L'ANALISI TECNICA CON MISTER COMINOTTO


Dopo la sesta partita stagionale (3 di campionato e 3 di coppa) all’Union Pro sfugge ancora la prima vittoria ma l’1 a 1 contro la Liventina va visto sicuramente come un risultato positivo considerato il valore dell’avversario. Con l’allenatore Francesco Cominotto analizziamo il match. 

Mister, risultato giusto? 
«Loro sono stati sicuramente più pericolosi di noi all’inizio ma questo lo sapevamo conoscendo le caratteristiche della Liventina. Alla fine sono dispiaciuto per non averla portata a casa soprattutto quando sono rimasti in 9. Il primo tempo siamo stati in difficoltà nella prima mezz’ora ma alla fine pensavo di farcela a prendere i 3 punti». 
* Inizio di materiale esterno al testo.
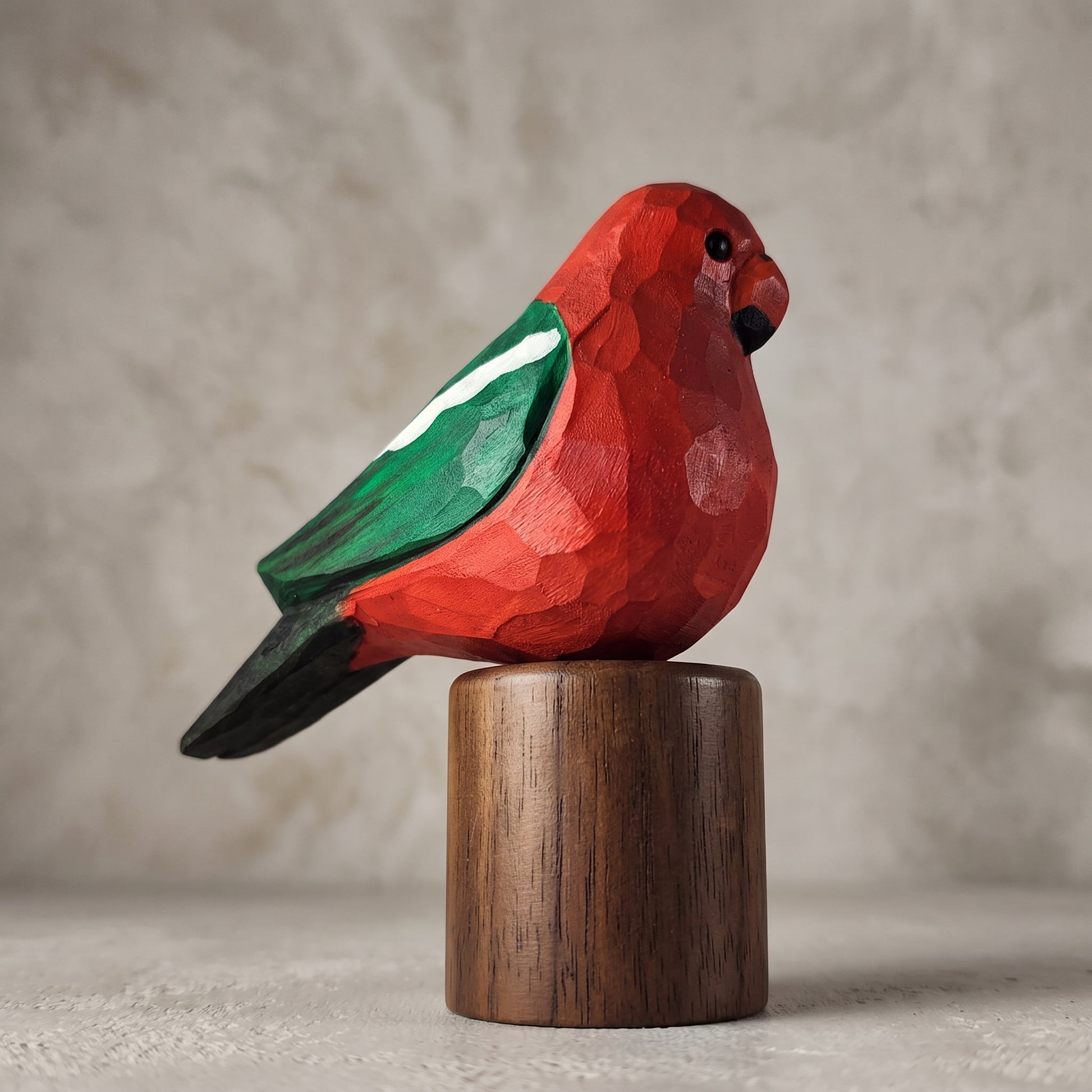 Side profile of a hand-carved wooden Australian King Parrot figurine with a vibrant red body, green wing, and black tail, mounted on a solid Black Walnut cylinder base.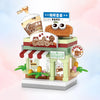 A miniature city shop building block set featuring a coffee cafe storefront with signage and outdoor seating.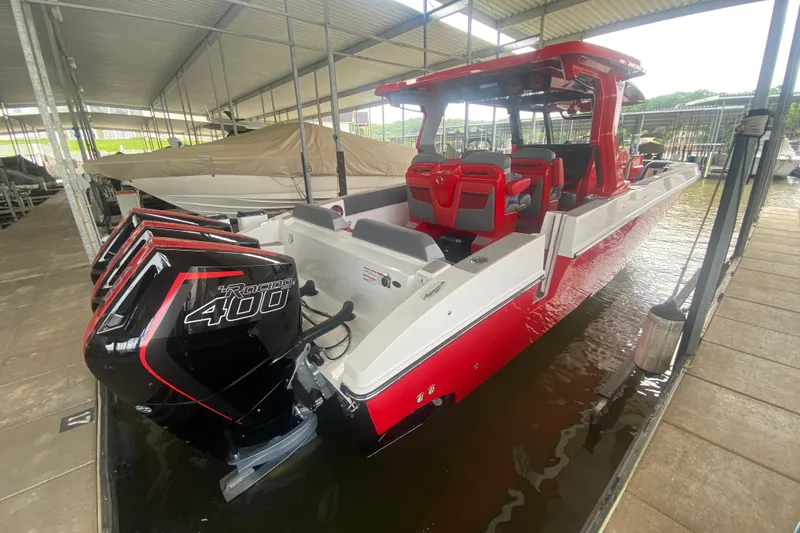 Slide: The Image of 2025 Fountain 38 SCX boat with triple Racing 400 engines, docked in a covered marina. - 11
Su rigori dati e non dati come l’hai vista dalla panchina? 
«Quello non dato su Visinoni mi fa sorridere perché l’arbitro ha detto che si è scontrato con Bounafaa mentre dalla panchina sembrava netto il fallo del loro difensore. Sui due concessi non ho visto bene dalla mia posizione». 

Bolchi e Bounafaa sono sembrati sotto tono, sei d’accordo? 
«Se non giochiamo la palla mancano i rifornimenti per gli attaccanti. Paghiamo il nervosismo e la poca tranquillità e di conseguenza certe giocate non ci risultano facili. Quando ricorriamo ai lanci lunghi andiamo in difficoltà perché non abbiamo attaccanti con quelle caratteristiche. Quindi più che un problema di singoli credo sia stato un problema dei pochi rifornimenti ricevuti». 

Il giovane Coin (’99) entrato nella ripresa ha confermato tutto il bene che si dice su di lui. 
«Si Sebastiano ha fatto molto bene come già contro l’Istrana in coppa. Pur essendo giovane non ha paura di tentare la giocata dimostrando personalità. Deve continuare su questa strada».